Thursday, April 12, 2012

Reading the Tea Leaves

One of the most frustrating parts of appellate advocacy occurs not just when the appellate court reject's one's arguments on appeal, but rather when the appellate court appears to go out of its way to suggest that the problem with the argument is that it was framed improperly. Instead of simply rejecting the argument, the appellate court will offer some gratuitous aside about how another question--undoubtedly one not specifically raised in the appeal, or so the appellate court says--might result in a different resolution. It's essentially a double dose of harsh reality, as if the court were saying that (1) the argument you did in fact make was no good, and (2) if you had made this other argument, you might have won. Implicit in the second observation is that you were likely ineffective for not raising that other argument. Of course, as most appellate practitioners know, if you did in fact make the argument suggested by the appellate court, the opinion would probably say the error was harmless, unpreserved, and/or insufficiently briefed.

All rambling aside, a good example of the gratuitous appellate comment can be found in the recent decision of the Utah Court of Appeals in State v. Tibbets. After rejecting the defendant's arguments about the improper admission of 404(b) evidence, the court casually observes:

Throughout Defendant's analysis of rule 404(b), she claims, without legal support, that rule 404(b) evidence must be "direct evidence" and cannot be an unsubstantiated allegation. While this raises the interesting issue of what quantum of proof must be presented for evidence to be admitted as rule 404(b) evidence, Defendant has failed to convince us that more was required in this case.

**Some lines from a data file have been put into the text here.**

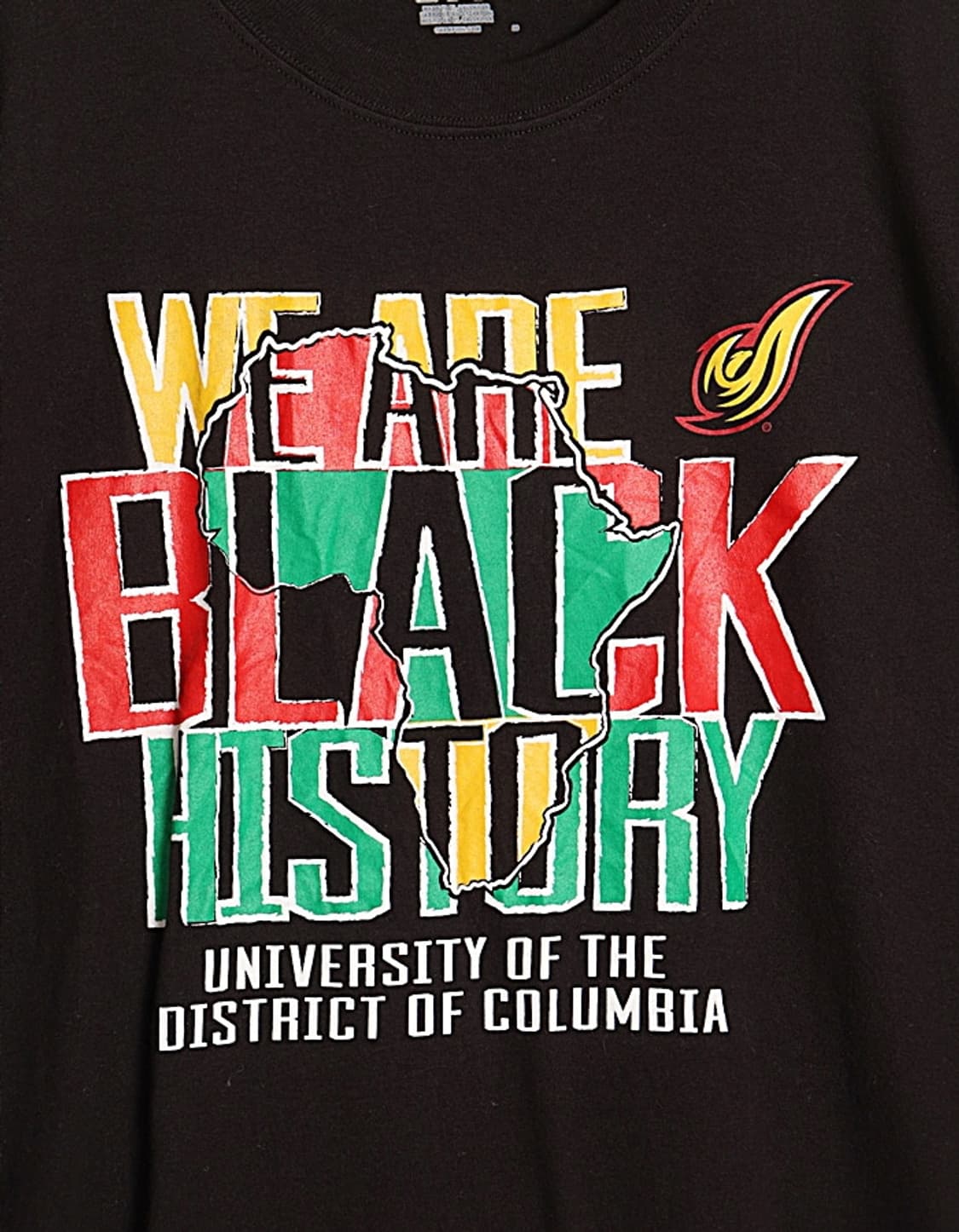 Champion Print L/S 3XL 상품이미지2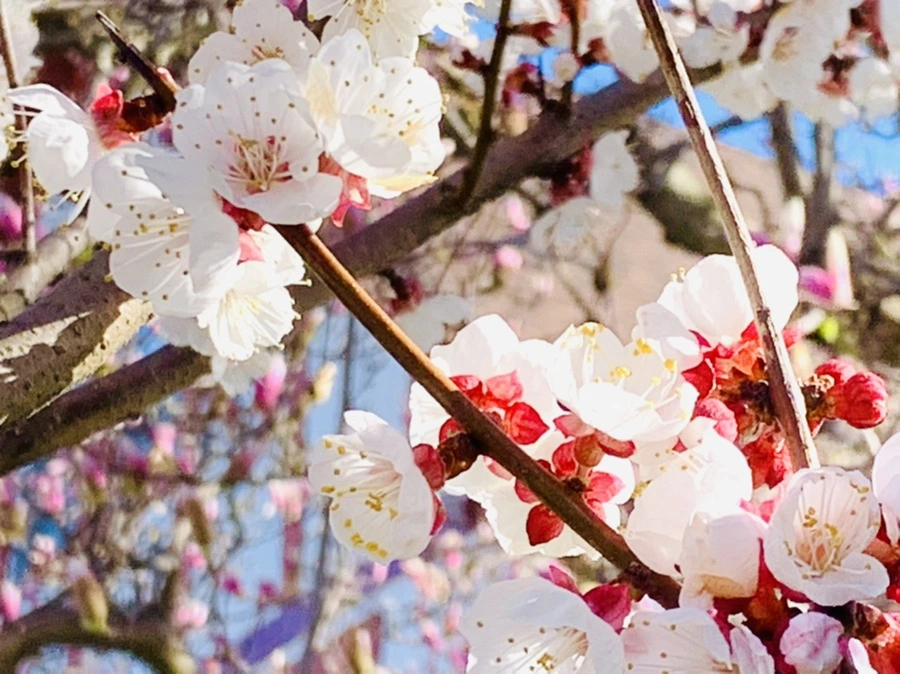 IMG_7470.jpg?type=w966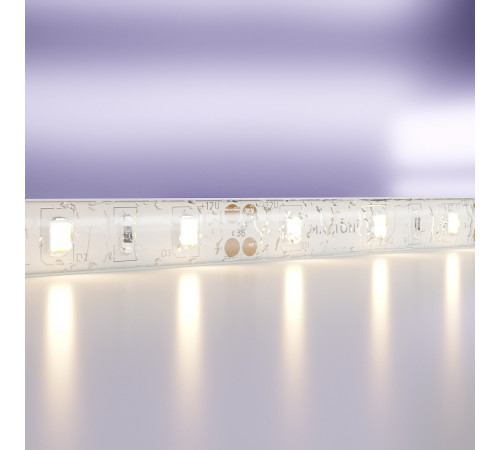 Светодиодная лента Maytoni Led Strip 10111 12В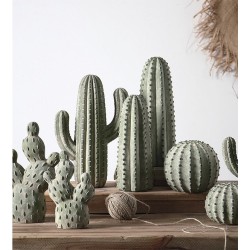 Cactus céramique | Décoration | Grossiste fleuriste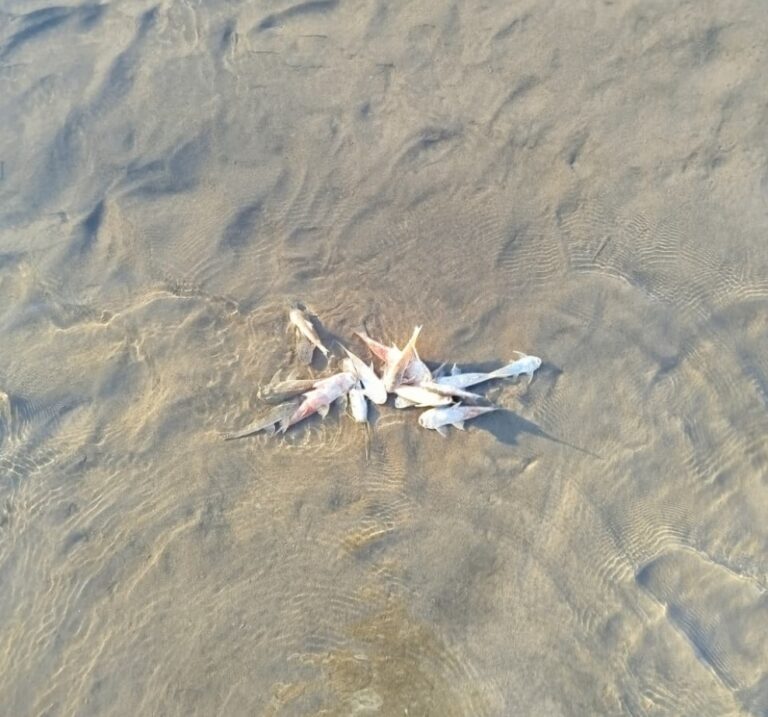 Jordão: Peixes mortos no rio Murú preocupam moradores, que pedem ajuda das autoridades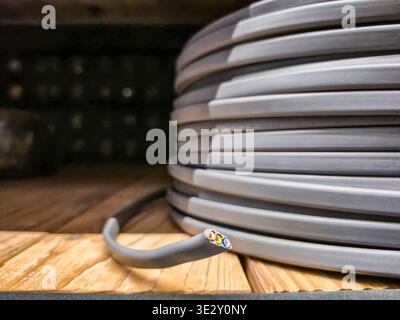 A thick, gray electrical cable is coiled neatly on a wooden surface, with a section of the cable showing its internal wires in red, yellow, blue, and Stock Photo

In other words, the Court of Appeals acknowledges that the defendant has raised an "interesting" issue regarding 404(b) evidence, but rather than actually establish a rubric for determining the quantum of proof necessary for future cases, the court simply says that the defendant has not convinced the court that any error occurred. So, I suppose, the defendant must meet a particular threshold showing, though just how much is necessary to meet that threshold is left undetermined. Defense attorneys are thus left guessing what standard, if any, is imposed in Tibbets, and they are also left wondering whether subsequent challenges to the "interesting" question of what quantum of proof is necessary to admit 404(b) evidence will be summarily rejected in a similar fashion. Out of an abundance of caution, however, it may behoove practitioners to address the "interesting" question alluded to by the Court of Appeals. The chances of success aren't great, but at least the court won't claim that you failed to raise the argument.